June 5, 2013
At the Robert Brown School of Construction and Design, education is paying dividends for city students.
On Tuesday, the “Get Ready for Life” program graduated eight student-workers upon completion of an eight week intensive construction co-op program. Now in its fourth year, GRFL operates as a partnership between Unions and Businesses United in Construction (UNICON) and the Rochester City School District. In addition, GRFL received a $35,000 grant from the County of Monroe Industrial Development Agency.
The essential thrust of GRFL is to deliver the missing requisites to students within the city district necessary for success in the world of construction and work, as well as to effectively create a pipeline of qualified, motivated individuals to fill the projected vacancies in the growing construction industry.

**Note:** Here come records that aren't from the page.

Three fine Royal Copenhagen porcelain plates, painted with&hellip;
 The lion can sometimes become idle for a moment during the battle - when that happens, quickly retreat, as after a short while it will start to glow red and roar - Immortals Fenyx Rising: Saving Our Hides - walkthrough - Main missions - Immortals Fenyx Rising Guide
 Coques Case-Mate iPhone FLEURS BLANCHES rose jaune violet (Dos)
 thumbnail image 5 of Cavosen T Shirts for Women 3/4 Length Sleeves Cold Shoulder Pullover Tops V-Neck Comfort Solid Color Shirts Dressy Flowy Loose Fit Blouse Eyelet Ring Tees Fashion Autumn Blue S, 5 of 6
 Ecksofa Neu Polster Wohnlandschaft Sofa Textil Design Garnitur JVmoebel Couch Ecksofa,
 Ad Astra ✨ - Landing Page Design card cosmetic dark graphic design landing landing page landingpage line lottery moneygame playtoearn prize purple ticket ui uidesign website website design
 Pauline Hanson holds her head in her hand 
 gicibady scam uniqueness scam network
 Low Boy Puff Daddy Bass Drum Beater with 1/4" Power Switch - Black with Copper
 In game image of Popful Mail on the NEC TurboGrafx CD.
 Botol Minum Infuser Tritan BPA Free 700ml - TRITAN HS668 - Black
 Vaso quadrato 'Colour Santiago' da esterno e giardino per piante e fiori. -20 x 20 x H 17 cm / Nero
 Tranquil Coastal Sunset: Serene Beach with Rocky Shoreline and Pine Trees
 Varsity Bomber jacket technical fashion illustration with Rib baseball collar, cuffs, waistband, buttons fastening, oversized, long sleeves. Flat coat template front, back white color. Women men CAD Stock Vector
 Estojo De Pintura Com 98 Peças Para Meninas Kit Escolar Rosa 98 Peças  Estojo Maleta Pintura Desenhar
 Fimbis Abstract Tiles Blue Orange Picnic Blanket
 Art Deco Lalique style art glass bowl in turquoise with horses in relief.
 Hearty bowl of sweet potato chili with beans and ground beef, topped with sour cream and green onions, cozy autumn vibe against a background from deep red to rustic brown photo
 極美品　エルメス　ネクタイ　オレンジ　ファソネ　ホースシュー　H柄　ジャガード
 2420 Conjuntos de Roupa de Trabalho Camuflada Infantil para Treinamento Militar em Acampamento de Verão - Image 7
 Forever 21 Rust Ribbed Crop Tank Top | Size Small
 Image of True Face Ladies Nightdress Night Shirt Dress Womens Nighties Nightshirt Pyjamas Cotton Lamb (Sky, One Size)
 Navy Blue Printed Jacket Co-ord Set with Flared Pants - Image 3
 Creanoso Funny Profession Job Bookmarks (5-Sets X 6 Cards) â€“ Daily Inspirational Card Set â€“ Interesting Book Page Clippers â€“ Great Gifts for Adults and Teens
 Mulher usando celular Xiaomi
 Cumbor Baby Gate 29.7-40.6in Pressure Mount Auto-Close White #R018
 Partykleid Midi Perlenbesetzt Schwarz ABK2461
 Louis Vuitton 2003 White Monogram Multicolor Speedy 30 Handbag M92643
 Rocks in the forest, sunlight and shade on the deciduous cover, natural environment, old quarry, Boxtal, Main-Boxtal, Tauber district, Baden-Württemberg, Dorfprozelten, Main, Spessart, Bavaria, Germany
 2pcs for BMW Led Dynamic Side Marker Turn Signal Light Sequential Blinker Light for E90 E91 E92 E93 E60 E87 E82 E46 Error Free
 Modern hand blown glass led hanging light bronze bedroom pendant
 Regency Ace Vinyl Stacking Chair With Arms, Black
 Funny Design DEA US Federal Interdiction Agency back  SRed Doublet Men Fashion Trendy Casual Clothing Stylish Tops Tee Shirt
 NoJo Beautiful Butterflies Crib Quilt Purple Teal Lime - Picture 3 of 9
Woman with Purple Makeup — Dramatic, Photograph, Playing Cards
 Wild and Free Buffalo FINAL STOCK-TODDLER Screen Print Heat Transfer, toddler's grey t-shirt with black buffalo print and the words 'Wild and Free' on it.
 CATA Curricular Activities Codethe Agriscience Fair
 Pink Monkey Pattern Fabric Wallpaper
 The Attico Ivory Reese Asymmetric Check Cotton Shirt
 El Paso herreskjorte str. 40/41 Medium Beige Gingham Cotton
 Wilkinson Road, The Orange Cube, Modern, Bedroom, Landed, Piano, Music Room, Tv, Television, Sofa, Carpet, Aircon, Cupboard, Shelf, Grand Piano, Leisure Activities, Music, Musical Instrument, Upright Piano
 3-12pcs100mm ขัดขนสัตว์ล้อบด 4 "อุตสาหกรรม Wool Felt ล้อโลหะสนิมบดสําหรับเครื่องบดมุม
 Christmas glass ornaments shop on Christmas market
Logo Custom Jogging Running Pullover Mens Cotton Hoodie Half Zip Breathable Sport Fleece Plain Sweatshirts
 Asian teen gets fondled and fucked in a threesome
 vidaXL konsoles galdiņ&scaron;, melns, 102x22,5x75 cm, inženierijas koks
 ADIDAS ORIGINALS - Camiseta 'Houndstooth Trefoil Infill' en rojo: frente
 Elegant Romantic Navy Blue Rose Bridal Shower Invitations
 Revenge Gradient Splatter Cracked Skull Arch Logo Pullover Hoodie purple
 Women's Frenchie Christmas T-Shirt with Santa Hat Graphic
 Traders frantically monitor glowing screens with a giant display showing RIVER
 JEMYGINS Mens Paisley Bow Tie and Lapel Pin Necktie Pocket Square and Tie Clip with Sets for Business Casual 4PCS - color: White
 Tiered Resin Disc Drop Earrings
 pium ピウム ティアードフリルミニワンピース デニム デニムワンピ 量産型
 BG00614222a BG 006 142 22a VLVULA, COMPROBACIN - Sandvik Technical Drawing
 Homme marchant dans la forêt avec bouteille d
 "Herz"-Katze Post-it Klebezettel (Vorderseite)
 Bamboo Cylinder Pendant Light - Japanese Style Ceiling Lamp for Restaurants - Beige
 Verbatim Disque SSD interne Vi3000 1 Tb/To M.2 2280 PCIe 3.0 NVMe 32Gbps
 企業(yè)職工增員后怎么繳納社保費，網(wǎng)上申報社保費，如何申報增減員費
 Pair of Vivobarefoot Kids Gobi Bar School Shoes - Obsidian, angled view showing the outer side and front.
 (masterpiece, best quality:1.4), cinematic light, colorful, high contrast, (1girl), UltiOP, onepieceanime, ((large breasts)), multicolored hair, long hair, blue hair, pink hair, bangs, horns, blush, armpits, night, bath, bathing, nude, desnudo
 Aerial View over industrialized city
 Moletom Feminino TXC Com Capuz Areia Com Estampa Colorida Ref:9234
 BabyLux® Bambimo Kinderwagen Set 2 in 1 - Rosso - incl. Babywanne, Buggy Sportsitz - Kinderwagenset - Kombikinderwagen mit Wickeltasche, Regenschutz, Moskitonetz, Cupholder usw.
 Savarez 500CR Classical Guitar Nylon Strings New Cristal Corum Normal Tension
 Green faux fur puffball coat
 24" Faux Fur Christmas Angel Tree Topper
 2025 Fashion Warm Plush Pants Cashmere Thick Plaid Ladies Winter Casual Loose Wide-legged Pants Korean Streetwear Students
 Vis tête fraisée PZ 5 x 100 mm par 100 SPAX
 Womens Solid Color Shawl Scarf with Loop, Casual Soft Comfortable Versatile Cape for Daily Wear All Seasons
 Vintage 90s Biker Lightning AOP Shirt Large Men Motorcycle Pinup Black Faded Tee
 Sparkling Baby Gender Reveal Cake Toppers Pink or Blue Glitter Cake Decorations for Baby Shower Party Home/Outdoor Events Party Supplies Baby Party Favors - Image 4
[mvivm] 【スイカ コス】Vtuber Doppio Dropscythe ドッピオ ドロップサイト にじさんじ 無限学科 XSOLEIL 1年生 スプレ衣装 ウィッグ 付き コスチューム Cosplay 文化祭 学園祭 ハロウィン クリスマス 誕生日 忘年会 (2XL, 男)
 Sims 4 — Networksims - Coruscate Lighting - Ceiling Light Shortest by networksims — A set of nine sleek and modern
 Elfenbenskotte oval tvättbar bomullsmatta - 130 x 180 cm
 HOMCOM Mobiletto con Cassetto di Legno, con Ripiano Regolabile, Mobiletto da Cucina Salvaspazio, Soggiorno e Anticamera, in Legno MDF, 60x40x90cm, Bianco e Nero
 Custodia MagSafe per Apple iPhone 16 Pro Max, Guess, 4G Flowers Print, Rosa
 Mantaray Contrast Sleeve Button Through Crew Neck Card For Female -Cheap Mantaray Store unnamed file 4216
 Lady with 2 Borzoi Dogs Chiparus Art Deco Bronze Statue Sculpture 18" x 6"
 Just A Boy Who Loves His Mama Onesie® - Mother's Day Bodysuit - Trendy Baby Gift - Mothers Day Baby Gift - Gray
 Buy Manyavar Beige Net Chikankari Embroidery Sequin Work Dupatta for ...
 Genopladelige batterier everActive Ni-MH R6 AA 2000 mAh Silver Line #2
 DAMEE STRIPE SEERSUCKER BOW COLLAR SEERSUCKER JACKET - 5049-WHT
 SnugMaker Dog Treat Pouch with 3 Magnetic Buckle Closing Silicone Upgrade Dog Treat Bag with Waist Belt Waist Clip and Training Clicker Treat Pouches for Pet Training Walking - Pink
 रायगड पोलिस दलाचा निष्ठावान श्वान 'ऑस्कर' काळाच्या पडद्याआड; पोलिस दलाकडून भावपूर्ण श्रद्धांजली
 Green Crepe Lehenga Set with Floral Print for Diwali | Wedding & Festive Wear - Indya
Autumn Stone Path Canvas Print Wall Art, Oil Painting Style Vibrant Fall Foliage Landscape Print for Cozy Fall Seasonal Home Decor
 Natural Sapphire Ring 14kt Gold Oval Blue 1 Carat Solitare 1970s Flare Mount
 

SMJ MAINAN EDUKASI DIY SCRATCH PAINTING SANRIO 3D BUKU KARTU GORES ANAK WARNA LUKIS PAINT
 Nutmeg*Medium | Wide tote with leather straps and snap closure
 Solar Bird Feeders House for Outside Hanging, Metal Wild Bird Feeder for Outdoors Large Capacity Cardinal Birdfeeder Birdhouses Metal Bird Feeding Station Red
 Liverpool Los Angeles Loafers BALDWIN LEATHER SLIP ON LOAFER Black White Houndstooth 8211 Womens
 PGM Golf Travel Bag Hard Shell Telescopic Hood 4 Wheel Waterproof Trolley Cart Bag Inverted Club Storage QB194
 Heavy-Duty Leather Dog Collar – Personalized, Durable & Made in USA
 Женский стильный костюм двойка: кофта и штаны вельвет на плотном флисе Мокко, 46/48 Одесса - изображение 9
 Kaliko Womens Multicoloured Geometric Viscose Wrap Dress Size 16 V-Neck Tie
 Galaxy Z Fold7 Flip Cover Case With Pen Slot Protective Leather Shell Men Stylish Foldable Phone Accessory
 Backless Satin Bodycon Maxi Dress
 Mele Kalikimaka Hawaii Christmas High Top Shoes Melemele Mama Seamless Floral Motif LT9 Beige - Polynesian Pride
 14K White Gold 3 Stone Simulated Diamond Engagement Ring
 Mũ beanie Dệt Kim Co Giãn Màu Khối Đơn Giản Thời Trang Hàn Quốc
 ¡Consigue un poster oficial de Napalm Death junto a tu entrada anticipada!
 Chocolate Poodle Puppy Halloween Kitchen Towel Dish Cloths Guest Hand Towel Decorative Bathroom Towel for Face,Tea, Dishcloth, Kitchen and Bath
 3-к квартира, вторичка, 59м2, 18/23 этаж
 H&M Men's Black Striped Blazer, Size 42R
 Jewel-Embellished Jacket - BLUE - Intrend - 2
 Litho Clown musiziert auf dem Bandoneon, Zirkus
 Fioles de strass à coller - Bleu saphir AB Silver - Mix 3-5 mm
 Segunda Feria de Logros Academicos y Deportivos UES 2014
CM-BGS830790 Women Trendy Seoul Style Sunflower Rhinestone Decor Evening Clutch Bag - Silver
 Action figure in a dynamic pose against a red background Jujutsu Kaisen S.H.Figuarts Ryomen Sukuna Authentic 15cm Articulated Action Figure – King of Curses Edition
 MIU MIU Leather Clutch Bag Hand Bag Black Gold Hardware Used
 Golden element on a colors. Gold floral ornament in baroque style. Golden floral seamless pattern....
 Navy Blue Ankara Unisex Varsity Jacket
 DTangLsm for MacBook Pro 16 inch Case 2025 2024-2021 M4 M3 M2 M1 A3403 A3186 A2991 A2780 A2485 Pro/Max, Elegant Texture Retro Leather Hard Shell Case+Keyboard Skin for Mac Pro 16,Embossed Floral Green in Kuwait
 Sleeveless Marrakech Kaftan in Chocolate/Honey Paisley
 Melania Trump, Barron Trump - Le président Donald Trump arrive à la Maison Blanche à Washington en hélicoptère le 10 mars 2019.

Union trained and certified tradesman work alongside the students—providing instruction and mentorship—in this fast-paced and rigorous program. Together they build houses later reassembled and sold at market value throughout the city. So far students have been prepared to hit the ground running as they exit high school and pursue their dreams.
Last year, program graduates entered a variety of tracks. One student immediately applied to the Carpenter’s local. He passed the entry test, scored well on the interview, and as soon as he turned 18 entered their apprenticeship. He now works for Manning Squires Hennig Co., Inc. Another found a job with Tambe Electric, a local industry partner. Two students entered post-secondary education, one to SUNY Brockport and another to MCC. Another graduate works with O’Connell Electric during the day and studies Electrical Engineering at MCC in the evening. One graduating student began an internship with Habitat for Humanity. And, this year two GRFL students have been nominated for a new annual $5,000 scholarship UNICON is generously awarding to qualified consruction students to attend MCC or Alfred State.
Not just students find GRFL rewarding. As RBHS teacher Jeremy Boehlke says, “By removing students from the four walls of a classroom, placing them in a real-world work environment, where the knowledge and skills they have learned now apply to their developing experience—student growth is inevitable. Seeing students be stretched, challenged, and respond with more energy and focus to succeed is where my job becomes a dream job.” To Boehlke, building the house has become a labor of love.
GRFL is also responding to a pressing community issue: the underrepresentation of minorities in the construction industry. According to UNICON’s Executive Director, Kenneth Warren, “through the efforts of the Facilities Modernization Board, the Mayor’s Office and RCSD, it became clear that the need for people of color to work in the trades was going to be mandated,” for example in the Midtown project. As Rochester progresses on this front, GRFL is answering the call.
The bottom line is GRFL is working. It is economic development for neighborhoods at its most basic – jobs and career for city residents.